Bangalore-based photographer Shibu Arakkal’s photographs are not just memories sealed in time, they are extensions of his soul. They have a charm we can’t explain, more like a poem. Arakkal’s photos make you want to break conformity and take the road less travelled. In this edition, Arakkal gets candid about things like photography, iPhonography, his other passions, current projects and how he feels about being a father.
1. What have you been up to these days? Anything new that you are working on at the moment?
I started this year with an urgently-required paradigm shift that I needed to incorporate into my work practices. This included matters such as acutely controlling the supply end of my works as opposed to its easy availability online. Thus, risking falling prey to a genre of generic photographic art, which on even well-known portals, isn’t necessarily controlled in terms of creative quality or in the selection of artists, be it the ability that we speak of, or just experience and credentials.
Also, in further raising the standards of printing my work and using the best media for it and instilling within the print itself, value that is different from that of the creative content that is on it.
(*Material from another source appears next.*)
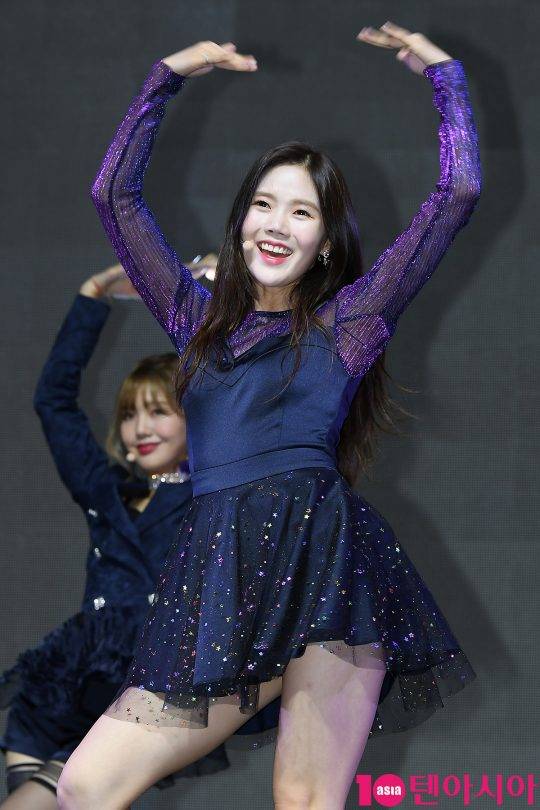 그룹 오마이걸 효정이 10일 오후 서울 광진구 예스24 라이브홀에서 열린 여섯 번째 미니음반 ‘리멤버 미(Remember me)’ 발매 기념 쇼케이스에서 멋진 무대를 펼치고 있다.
By that I mean a very high level of artistic personalisation, such as printing all my works myself, which I have always done, and by also incorporating drawings, writing, etc. on the reverse side of the print. In some cases, incorporating such practices post printing, on the print surface, rendering the work to be closer to a digital/photographic mixed media.
As for projects, I have been working on two bodies of work for the past year or so and I begin another this December in Tiruvannamalai, Tamil Nadu. One or more of these series of works are meant for exhibition next year in India or abroad, details of which are still being worked out.
2. You are very secretive about things you do – not just photography, you are selective about things like the press and promotion too. Any particular reason why?
It isn’t so much that I am secretive about my work as the fact that I prefer to work within a bubble and get as far away as possible from the realities of the world that I inhabit. I seek and yearn for a purity of thought, technique and philosophy that is extremely elusive and needs an almost Zen-like meditative mental and emotional zone. In that respect, my work is relative to only itself and the path that it defines on its own.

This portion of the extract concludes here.